可用性を最大化するため、あるいは、性能を最適化するため、いくつかのサービスの組み合わせは、特定のオンラインのリソースグループをクラスタノード間で分散する必要があります。オンラインのリソースグループを分散するということは、リソースグループ間でアフィニティーを作成するということであり、次のような理由で行われます。
初めてリソースグループをオンラインにするときに必要な分散を強制的に実行するため
リソースグループのフェイルオーバーまたはスイッチオーバーの後に必要な分散を保持しておくため
この節では、次のような例を使用しながら、リソースグループのアフィニティーを使用して、オンラインのリソースグループをクラスタノード間で分散する方法について説明します。
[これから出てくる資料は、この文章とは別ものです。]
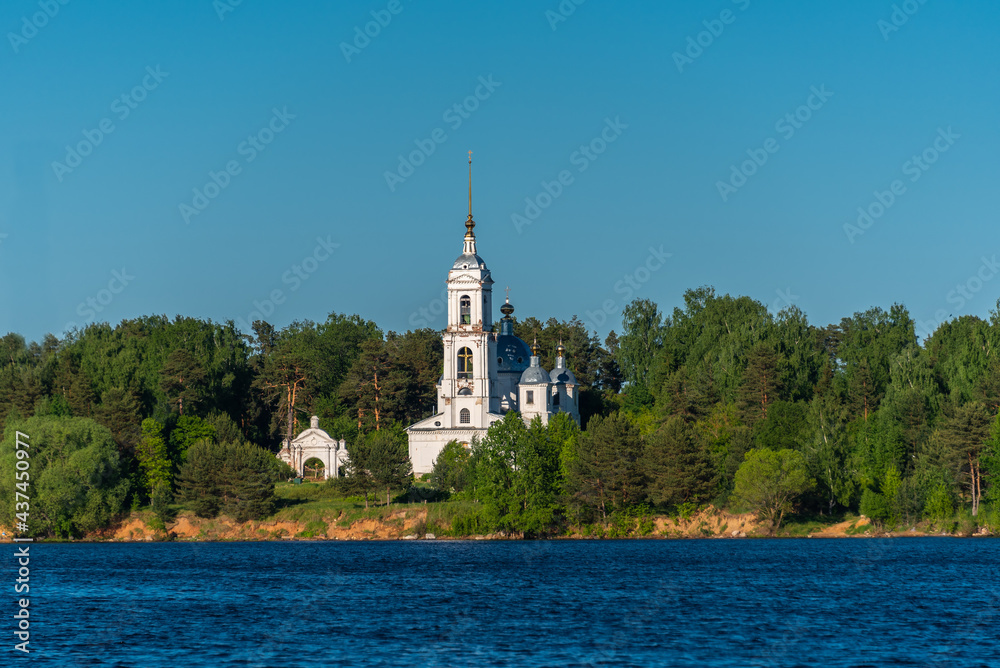 Old Orthodox Temple of Ascension by the river in the forest.
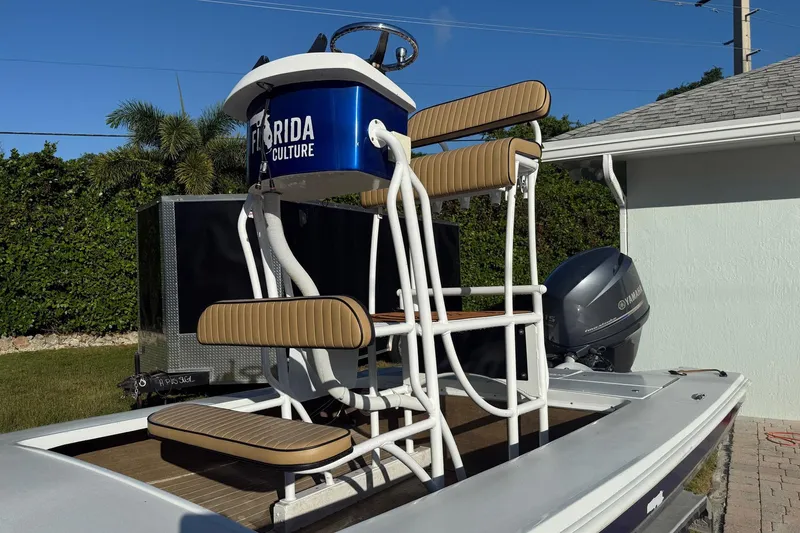 Slide: The Image of 1986 Dolphin 18 Skiff boat with elevated seating and Yamaha outboard motor. - 3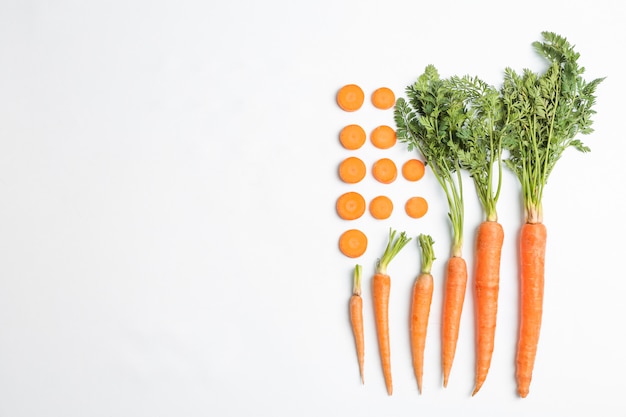 Flat lay composition with ripe fresh carrots 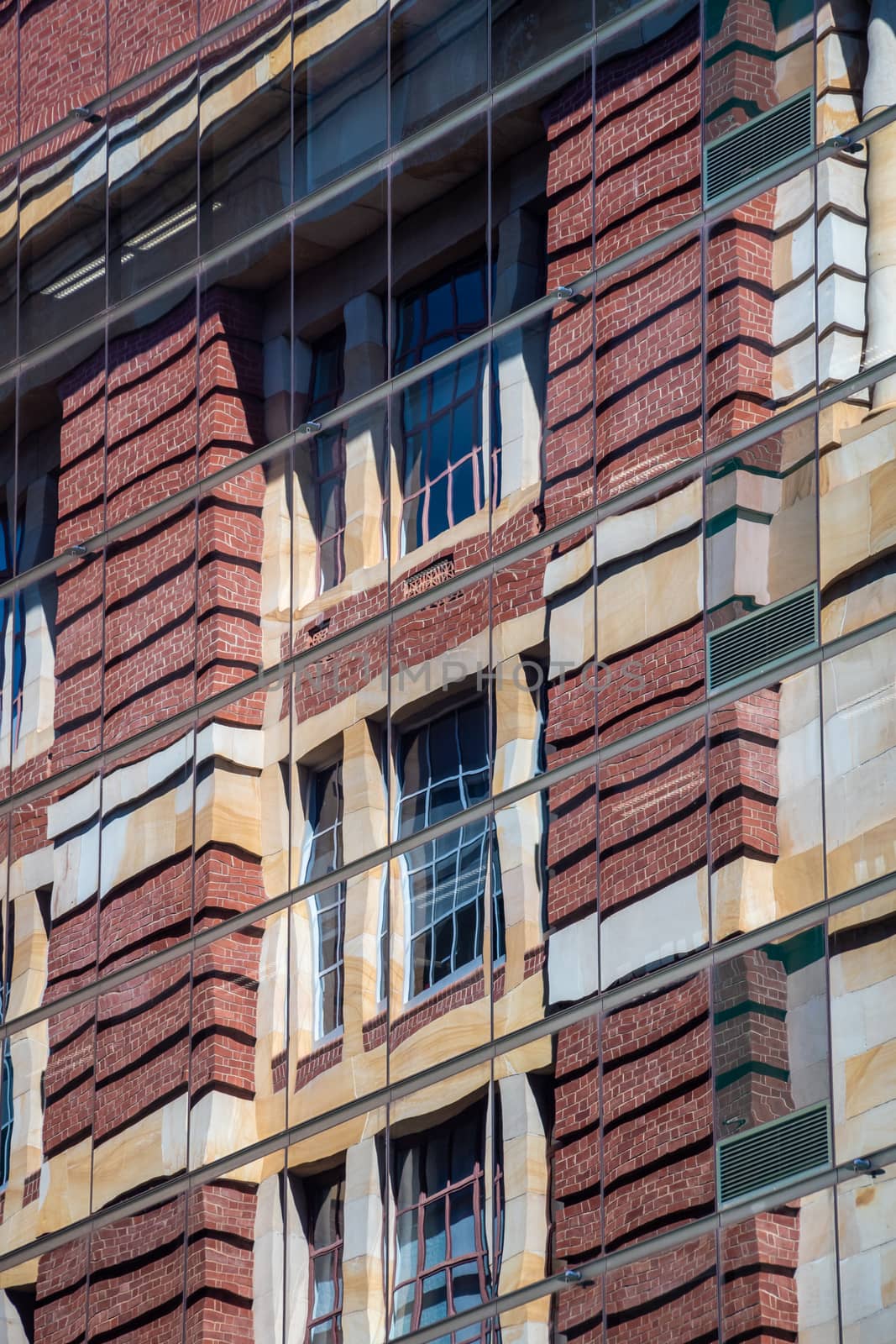Reflection of brick building in modern skyscraper facade with reflective windows by MXW_Stock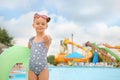 Cute little girl with inflatable ring near pool in water park Royalty Free Stock Photo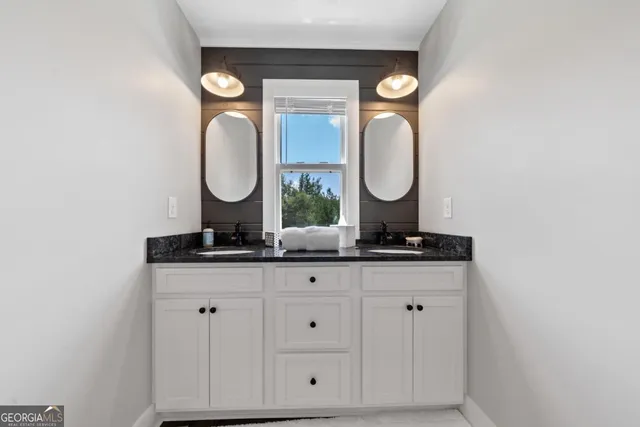 a view of a chairs and table on the wooden roof deck
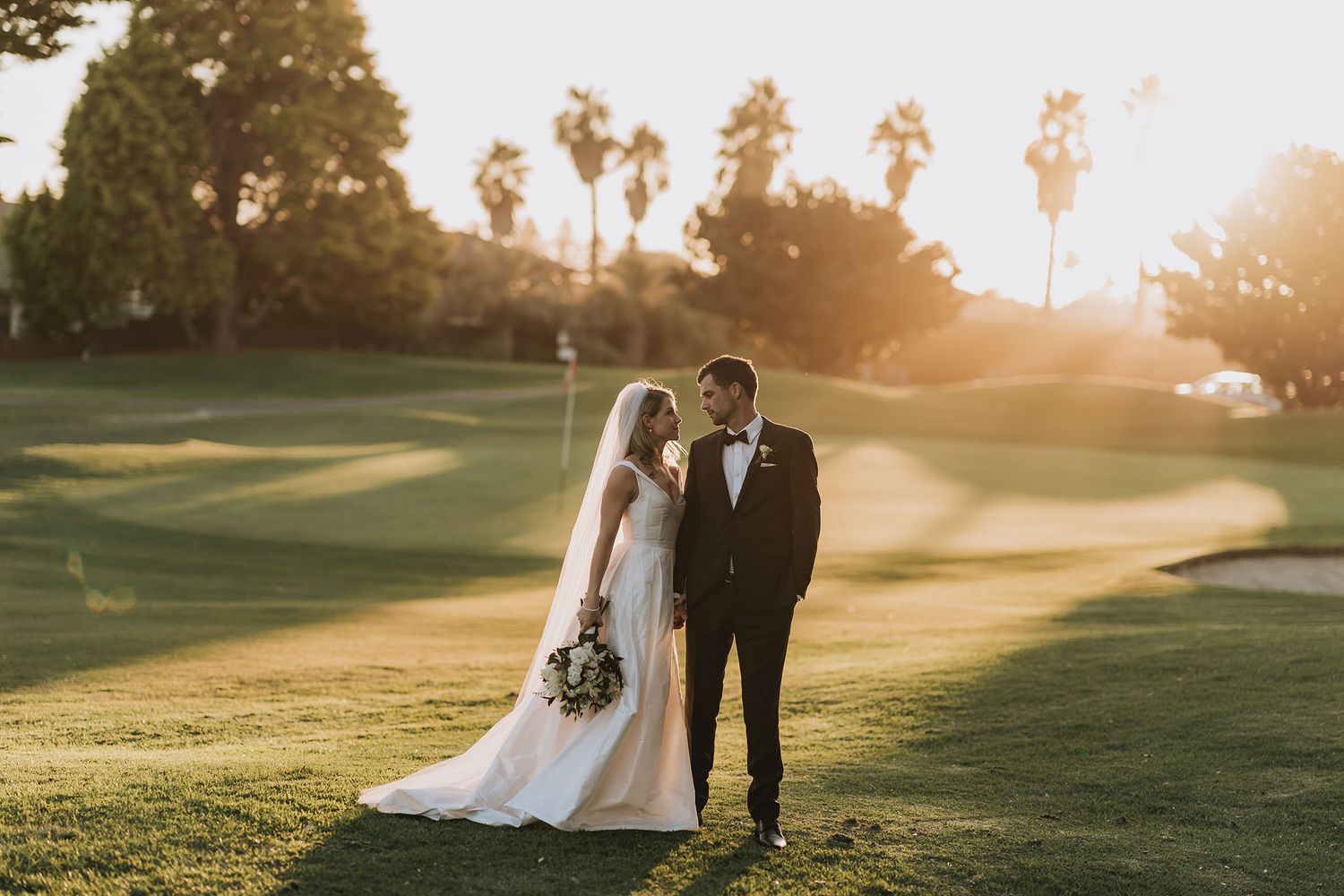 A couple stands together on a sunlit golf course during golden hour with palm trees and rolling greens in the background.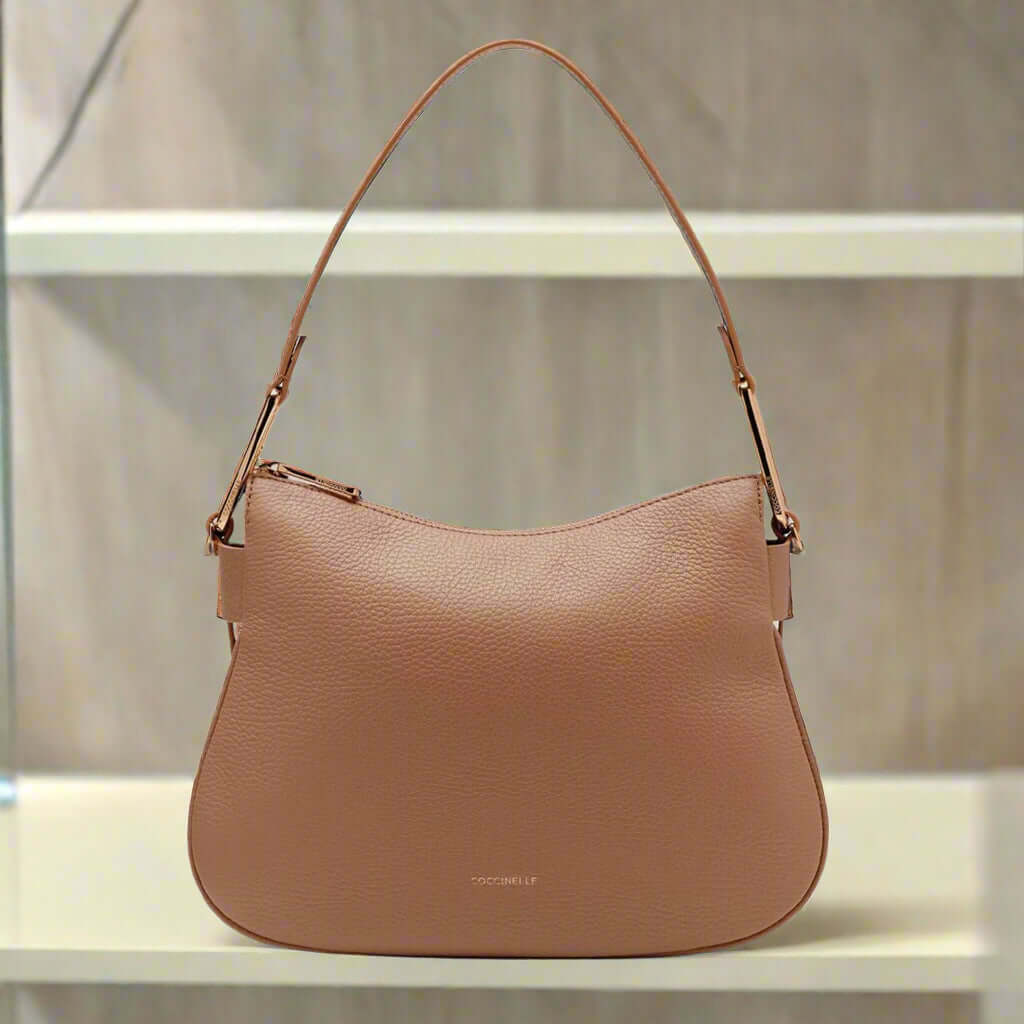 Brown leather handbag with gold hardware on a white background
あるリソースグループと別のリソースグループを強制的に同じ場所に配置する
あるリソースグループと別のリソースグループをできる限り同じ場所に配置する
リソースグループの集合の負荷をクラスタノード間で均等に分配する
重要なサービスに優先権を指定する
リソースグループのフェイルオーバーまたはスイッチオーバーを委託する
リソースグループ間のアフィニティーを組み合わせて、複雑な動作を指定する
リソースグループ間のアフィニティーは、複数のリソースグループが同時にオンラインになる可能性があるノードを制限します。各アフィニティーにおいて、ソースのリソースグループには 1 つまたは複数のターゲットのリソースグループに対するアフィニティーを宣言します。リソースグループ間にアフィニティーを作成するには、ソースの RG_affinities リソースグループプロパティーを次のように設定します。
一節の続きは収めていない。